Output a character-exact copy of the data, images removed.

++++ Supplied information ++++

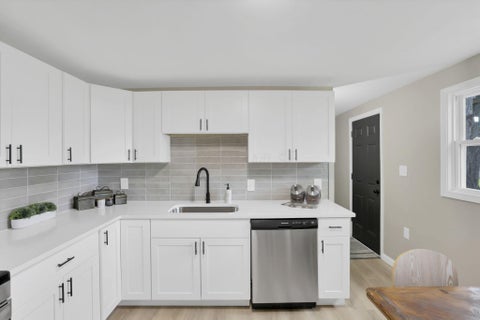 Photo of 201 Dorchester Drive, Baltimore, OH 43105 (MLS # 226021916)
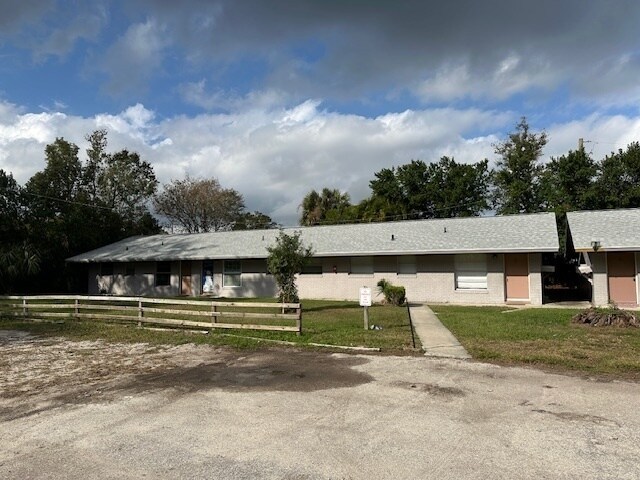 More Photos Of 2600 21st St NW, Winter Haven Apartments For Sale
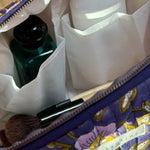 Intérieur doublé de la trousse de toilette XL N°113 Bleu avec flacons et pinceau de maquillage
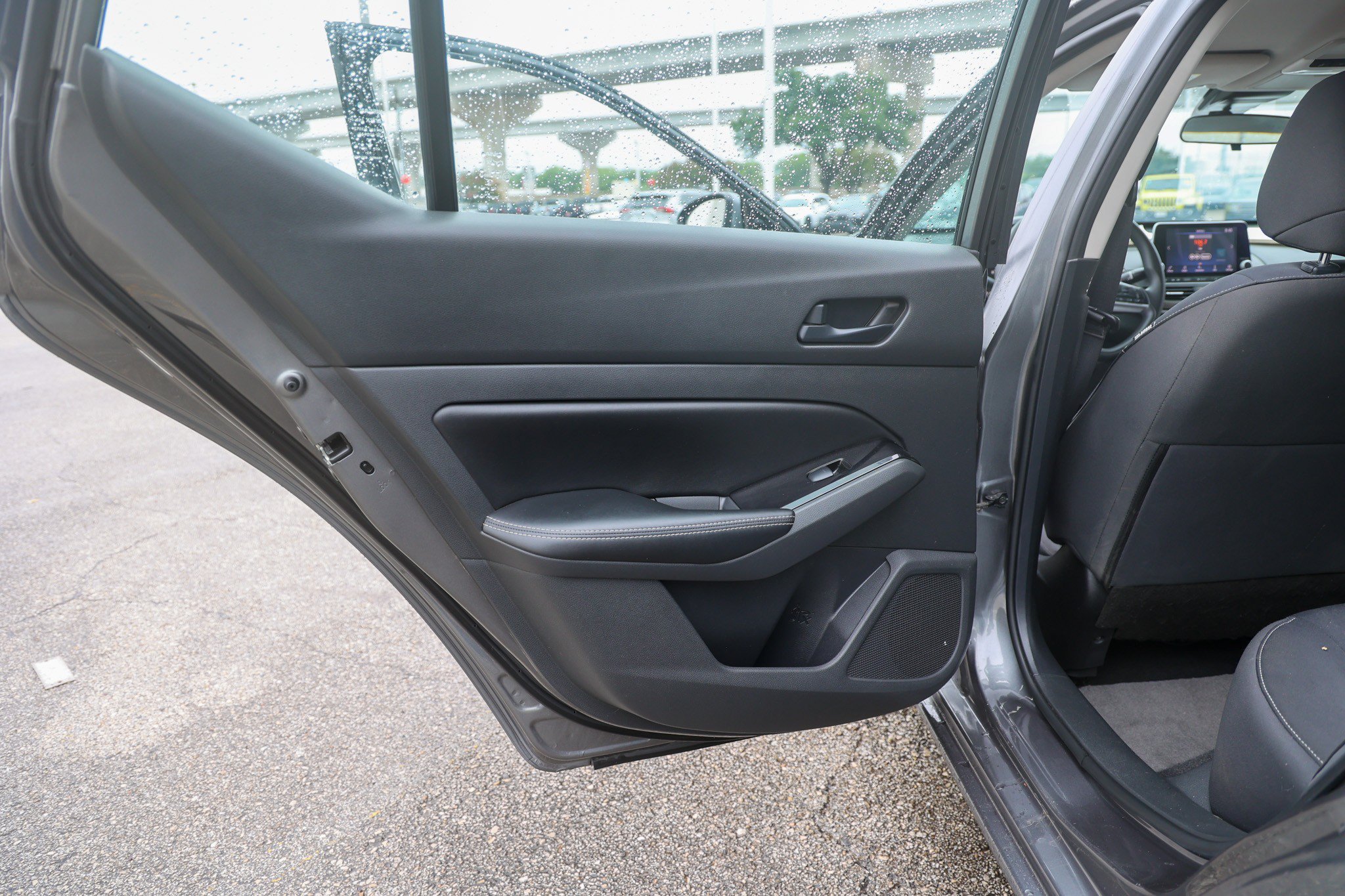 Used 2023 Gun Metallic Nissan 2.5 SV image 31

++++

*Task output*
 Photo of 201 Dorchester Drive, Baltimore, OH 43105 (MLS # 226021916)
 More Photos Of 2600 21st St NW, Winter Haven Apartments For Sale
 Intérieur doublé de la trousse de toilette XL N°113 Bleu avec flacons et pinceau de maquillage
 Used 2023 Gun Metallic Nissan 2.5 SV image 31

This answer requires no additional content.